A few months ago I posted a blog about Grady. I wondered where he was since I had not seen him in over a year. Then about a month ago I saw him “working” on a new street corner. Grady, you see, is homeless.
This week, I drove through that intersection around lunchtime hoping to find Grady. Sure enough he was on his corner holding a sign that read, “Even 25 cents will help.”
I drove up to the corner, rolled down my window and called out to Grady. When he recognized me, he came over to my truck. I asked him if he had eaten yet. When he replied that no he hadn’t. I asked him if he wanted to go grab a bite or did he want to keep working his corner.
I didn’t know if he would want to go get lunch or not since he views his time on the corner asking for money as work.

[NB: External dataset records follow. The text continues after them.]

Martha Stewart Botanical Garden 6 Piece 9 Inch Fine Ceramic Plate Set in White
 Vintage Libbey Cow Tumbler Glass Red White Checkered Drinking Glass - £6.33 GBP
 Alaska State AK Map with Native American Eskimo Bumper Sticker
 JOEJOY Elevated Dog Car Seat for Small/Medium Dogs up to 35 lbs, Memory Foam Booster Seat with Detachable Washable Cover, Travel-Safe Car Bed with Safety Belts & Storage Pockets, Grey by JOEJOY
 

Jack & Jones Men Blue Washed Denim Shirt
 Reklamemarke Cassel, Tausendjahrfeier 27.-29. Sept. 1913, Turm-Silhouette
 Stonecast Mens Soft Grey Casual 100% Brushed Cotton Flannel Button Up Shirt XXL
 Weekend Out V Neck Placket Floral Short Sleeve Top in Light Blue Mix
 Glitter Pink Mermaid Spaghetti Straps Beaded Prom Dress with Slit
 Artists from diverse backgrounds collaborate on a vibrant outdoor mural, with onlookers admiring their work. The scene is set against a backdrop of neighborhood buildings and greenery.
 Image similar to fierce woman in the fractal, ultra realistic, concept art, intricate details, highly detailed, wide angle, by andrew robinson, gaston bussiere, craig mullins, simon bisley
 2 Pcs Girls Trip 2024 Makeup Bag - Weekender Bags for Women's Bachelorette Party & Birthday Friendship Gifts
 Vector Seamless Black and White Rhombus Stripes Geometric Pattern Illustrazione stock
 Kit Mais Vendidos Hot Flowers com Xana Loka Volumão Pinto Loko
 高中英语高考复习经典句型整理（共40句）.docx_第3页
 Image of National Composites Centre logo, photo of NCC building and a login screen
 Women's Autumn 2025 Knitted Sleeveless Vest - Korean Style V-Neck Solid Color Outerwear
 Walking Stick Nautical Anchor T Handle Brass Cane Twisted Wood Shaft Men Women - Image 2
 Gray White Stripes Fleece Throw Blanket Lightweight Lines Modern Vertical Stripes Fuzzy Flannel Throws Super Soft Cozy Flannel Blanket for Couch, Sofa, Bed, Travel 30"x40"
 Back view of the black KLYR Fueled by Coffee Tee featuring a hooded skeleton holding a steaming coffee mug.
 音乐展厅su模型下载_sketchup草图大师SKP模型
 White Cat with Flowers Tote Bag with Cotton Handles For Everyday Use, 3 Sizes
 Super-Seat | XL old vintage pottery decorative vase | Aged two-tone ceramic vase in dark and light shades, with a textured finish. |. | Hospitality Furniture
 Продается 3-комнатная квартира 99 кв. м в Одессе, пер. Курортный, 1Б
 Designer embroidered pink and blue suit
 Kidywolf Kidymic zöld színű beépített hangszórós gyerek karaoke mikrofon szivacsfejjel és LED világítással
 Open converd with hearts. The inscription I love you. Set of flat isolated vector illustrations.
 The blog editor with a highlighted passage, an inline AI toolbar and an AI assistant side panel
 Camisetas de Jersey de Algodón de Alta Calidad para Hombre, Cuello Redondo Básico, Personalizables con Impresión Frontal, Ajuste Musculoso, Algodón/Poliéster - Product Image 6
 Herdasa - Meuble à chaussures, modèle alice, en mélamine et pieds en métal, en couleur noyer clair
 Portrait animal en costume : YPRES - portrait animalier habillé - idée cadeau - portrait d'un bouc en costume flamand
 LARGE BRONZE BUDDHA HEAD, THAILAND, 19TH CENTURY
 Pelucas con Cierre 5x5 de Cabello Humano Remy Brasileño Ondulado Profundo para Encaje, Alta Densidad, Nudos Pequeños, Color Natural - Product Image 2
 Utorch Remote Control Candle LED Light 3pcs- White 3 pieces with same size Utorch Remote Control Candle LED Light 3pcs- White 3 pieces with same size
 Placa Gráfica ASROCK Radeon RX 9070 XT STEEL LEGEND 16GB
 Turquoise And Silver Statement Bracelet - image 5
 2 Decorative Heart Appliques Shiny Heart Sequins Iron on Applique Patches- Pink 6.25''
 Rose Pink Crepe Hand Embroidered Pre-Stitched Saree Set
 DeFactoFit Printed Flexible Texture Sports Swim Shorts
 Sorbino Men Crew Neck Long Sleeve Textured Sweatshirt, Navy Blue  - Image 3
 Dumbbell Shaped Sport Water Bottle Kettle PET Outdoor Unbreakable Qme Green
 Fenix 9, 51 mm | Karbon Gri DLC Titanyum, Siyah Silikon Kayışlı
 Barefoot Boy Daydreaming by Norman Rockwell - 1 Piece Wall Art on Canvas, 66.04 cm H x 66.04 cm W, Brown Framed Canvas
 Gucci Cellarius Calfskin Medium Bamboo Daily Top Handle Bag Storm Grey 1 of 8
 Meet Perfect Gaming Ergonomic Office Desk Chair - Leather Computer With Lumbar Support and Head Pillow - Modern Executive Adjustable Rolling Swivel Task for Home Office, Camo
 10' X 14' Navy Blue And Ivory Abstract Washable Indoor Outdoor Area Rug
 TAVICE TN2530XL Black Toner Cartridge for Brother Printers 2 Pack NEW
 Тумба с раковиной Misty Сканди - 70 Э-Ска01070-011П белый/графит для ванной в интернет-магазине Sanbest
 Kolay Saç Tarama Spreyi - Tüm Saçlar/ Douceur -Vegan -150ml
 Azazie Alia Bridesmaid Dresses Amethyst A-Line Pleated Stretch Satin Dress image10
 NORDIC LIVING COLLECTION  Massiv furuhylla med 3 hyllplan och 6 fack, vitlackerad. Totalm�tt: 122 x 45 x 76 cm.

Also, him leaving meant that someone else most likely would take his place on the corner. And they did.
He said grabbing some lunch sounded good, so he ran back to get his backpack and drink. I pulled up to the light which turned green. By the time Grady got in my truck it had turned red. Thankfully no one behind me seemed to mind.
He picked the place to eat. We went in the restaurant, picked a table and sat down for lunch.
Since we hadn’t talked in about two years, we spent time catching up with each other.
I told him about our journey of fostering and adopting our son. He told me about the places he had lived over the past couple of years. We also talked about the occasional part-time work he gets.
He also told me about some of his friends on the street, like Old Man Johnny and Whiskey Mike. He explained why he had moved corners.
He also told me that he had a son die when he was a young man.
It was the kind of conversation friends have.
I made this statement in the blog I wrote a few months ago about Grady:
His biggest need was friendship. Grady was lonely. He always had time to sit and talk. I learned about his past. I learned why he was living on the streets. I found out about a friend who let him shower once a week at his apartment. He told me about his ex-wife and extended family. I listened a lot.Whatever Happened to Grady?
I don’t know about you, but when ever I see a homeless person on a street corner, I fight stereotypical judgements. I figure they are lazy, struggle with addictions and mental illness, and not very trustworthy.
All that might be true. However, I know people who are not homeless that have the same issues. Not a reason to not befriend a person that lives on the streets.
I also struggle with the thought, “I can’t help everyone!”
Do you have those thoughts?
I feel the same way about orphan care. I feel that way about all the homeless people I see.
I finally decided to simply love one at a time. I know I can be Grady’s friend. Just like any other friend I have.
We can go to lunch and catch up with each other. I can lend him a hand when he really needs it. I can get to know what he likes and dislikes. I can pray for him.
We can sharpen one another. Yep. He has already done that for me.
How do you respond when you see a homeless person? Do you have a story to share about befriending someone who lives on the street?